This is a discussion on Re: sa-learn journal location for teaching spamassassin on multiple hosts - SpamAssassin ; On Fri, Nov 7, 2008 at 4:45 AM, Samy Ascha, Xel Media B.V. wrote: > I have recently setup a mailbox and a sa-learn script to start teaching > SpamAssassin. This was all no problem, but: > > We have ...
On Fri, Nov 7, 2008 at 4:45 AM, Samy Ascha, Xel Media B.V.
> I have recently setup a mailbox and a sa-learn script to start teaching
> SpamAssassin. This was all no problem, but:
> We have an MX group of usually about 3 MTAs, which all run their own content
> filter (amavis) and thus use their own SpamAssassin's database. When we are
> gonna start teaching SpamAssassin with sa-learn, I need to somehow sync the
> results in the journal to all these hosts.

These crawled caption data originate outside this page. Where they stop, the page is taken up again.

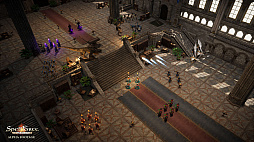 画像ギャラリー No.007のサムネイル画像 / ターンベースのストラテジーに変貌した人気シリーズ最新作「SpellForce: Conquest of Eo」，PS5版とXbox Series X|S版の販売決定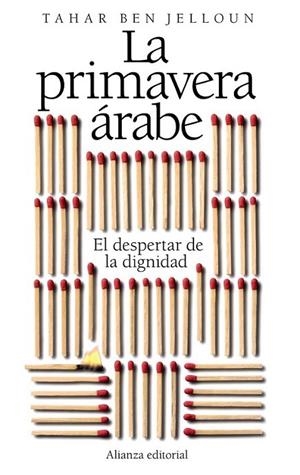 PRIMAVERA ÁRABE, LA | 9788420653518 | BEN JELLOUN, TAHAR | Librería Castillón - Comprar libros online Aragón, Barbastro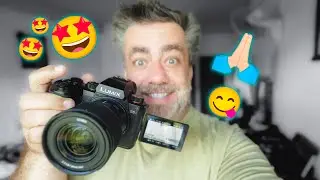 PANASONIC LUMIX S5II : Je ne m'attendais pas à ça ?!!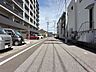 外観：★昭和小学校★南側道路 西から東方向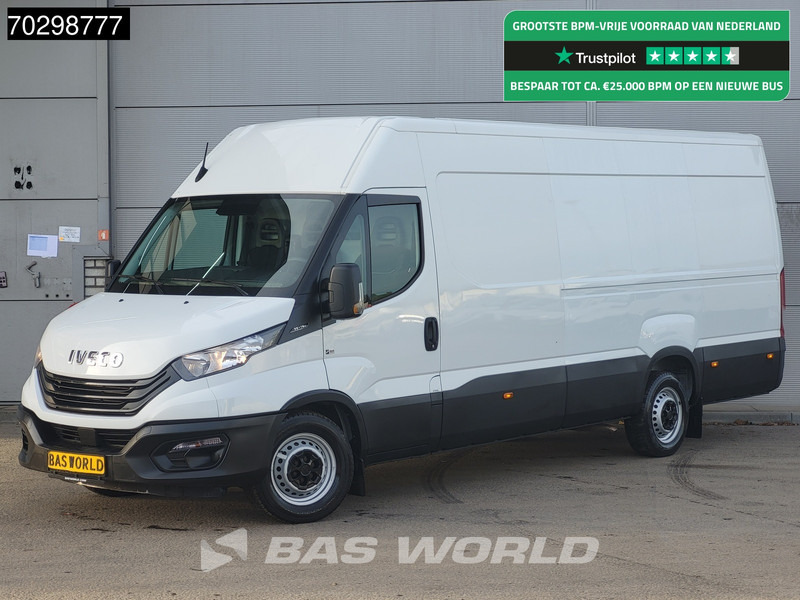 Iveco Daily 35S16 L3H2 160PK 3,5t Trekgewicht Airco Parkeersensoren Euro6 L4H2 Airco - Pakettiauto: kuva Iveco Daily 35S16 L3H2 160PK 3,5t Trekgewicht Airco Parkeersensoren Euro6 L4H2 Airco - Pakettiauto Iveco Daily 35S16 L3H2 160PK 3,5t Trekgewicht Airco Parkeersensoren Euro6 L4H2 Airco - Pakettiauto: kuva Iveco Daily 35S16 L3H2 160PK 3,5t Trekgewicht Airco Parkeersensoren Euro6 L4H2 Airco - Pakettiauto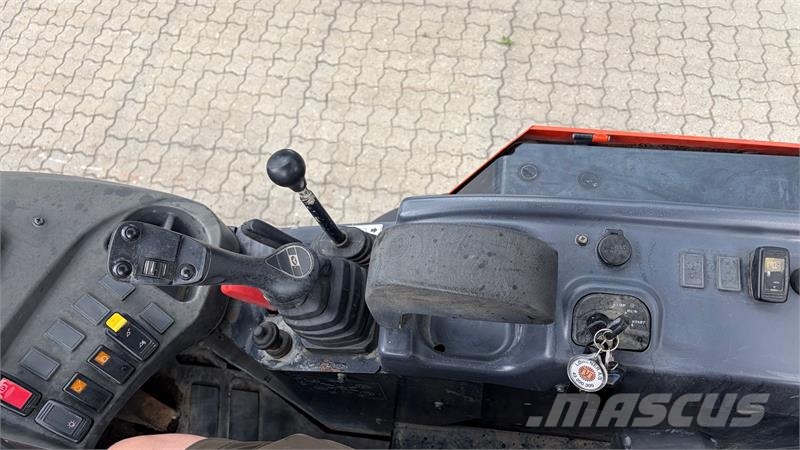 Kubota R065HW Gummihjuls læsser Mini incarcatoare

> I've checked out the --no-sync and --sync options and I think these options
> will give me exactly the tools I need for this job.
> I need to know the location of the journal though and I need to know if
> there are any pitfalls when syncing a SpamAssassin with a journal from
> another one on another server.
> Has anyone got experience with syncing sa-learn between multiple MTAs? How
> did you solve this? Can SA sync with a journal in an arbitrary location, or
> does it look for it in one preconfigged place?
> I hope u have some interresting thought about this issue.
Ultimately, you're not syncing 'sa-learn', you're syncing the bayes'
DB that sa-learn (and spamd) records to. There's a few ways to go
about sharing the bayesian database. Probably the best bet would be to
store the bayes DB in MySQL, and point SA on all 3 servers to it-
ideally with the database on a 4th server (hey, you can put the AWL
info into MySQL as well... may as well hit that up at the same time).
You could probably go the --sync and --no-sync route if you fiddled
with it enough (never tried it), but honestly a single MySQL DB for
bayes would probably be a lot simpler if you have any experience at
all with MySQL. It's been good for performance for us even when used
on a single server, and it's pretty bulletproof for us- been in use
for years. The only tip you really need here is to run OPTIMIZE TABLE
every now and then.
An alternative hacky solution: turn off autolearn on 2 of the 3, and
do sa-learns and autolearning on the 3rd. Then nightly rsync all the
bayes DB files over to the other 2 servers and restart spamd. Not
pretty, but it should work.